Should Professors Be On Facebook?

Wednesday, December 5th, 2007

Here is a link to an article from the Chronicle of Higher Education on professors using Facebook. I would be very interested to know what you think about this issue.

In my own case, I signed up for Facebook last year when I was preparing to lead my first European study tour. I wanted to create a group for the students going on the tour and it worked quite well as a way for them to meet one another prior to departure and to stay in touch since. I’ve also created the group I Love Eastern Europe in the GMU network as a way to bring GMU students together who have an interest in things East European. Thus far, 50 students have joined this group, close to half of whom are not my students (or former students).

Other than inviting students to join one of these groups, I don’t send out “friend requests” to students, but am always willing to add a student of mine as a friend when requested.

Finally, I have found that some students respond much more quickly to messages in Facebook than they do to email, so it has turned out to be a good way to communicate with certain students.

But is this creepy, as the student quoted in the article contends? Should faculty members stay out?

That train has left the station, of course, because now anyone can join Facebook and millions have, so it has already ceased to be a closed space for students (actually it never was a student only space–anyone with a campus email address could always join, but it seemed like a student only space for a while).

In any case, I’d be very interested in your take on this issue.

The Making of a Renegade Blogger

Friday, September 14th, 2007

It turns out that, without realizing it, I’ve become a renegade blogger. It happened on Monday when I wrote a post in my blog about why an organization called H-Net (a cluster of scholarly networks organized around a particular theme–German history, Intellectual history, etc.) is in trouble because their content delivery model is based on the email listserv.
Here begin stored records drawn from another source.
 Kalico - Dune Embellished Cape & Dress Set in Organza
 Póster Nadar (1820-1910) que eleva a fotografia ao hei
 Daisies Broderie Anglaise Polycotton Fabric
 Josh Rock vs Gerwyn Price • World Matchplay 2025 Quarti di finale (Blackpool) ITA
According to their Vice President for Networks, there are about 100,000 subscribers (total) to their various lists, who receive, on average, 10-15 email messages per month from each listserv they subscribe to.

My argument, if you read my first post and the ones that followed argued that email is the communication tool of the past decade, and that blogs, wikis, and other social networking platforms, are the content delivery tools of the future. So, I said that if H-Net wanted to stay relevant for scholars (especially in a decade when people like you will be the new scholars), it needed to start moving away from email and toward these new tools.
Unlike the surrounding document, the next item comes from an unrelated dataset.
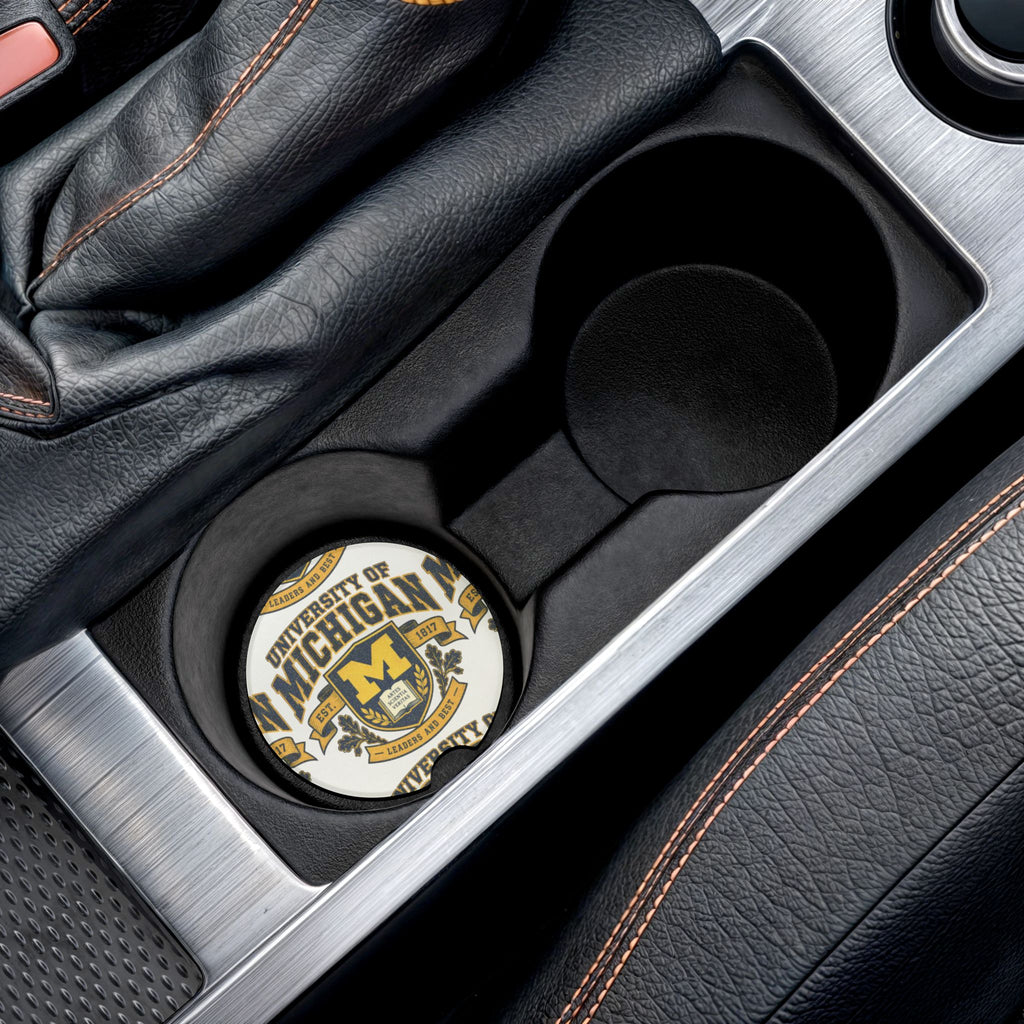 University of Michigan Soapstone Car Coaster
This proposal got a lot of people’s knickers in a knot. Unlike much of what I post in my blog, this thread has generated a lot of discussion, both on my blog (25 comments thus far) and in other blogs (and on internal H-Net lists…that I am not able to read since they keep their internal lists private).

I point you to this, not because I am proud to be a renegade blogger (although I am), but to point you to ways that communication among scholars around issues they care about are changing.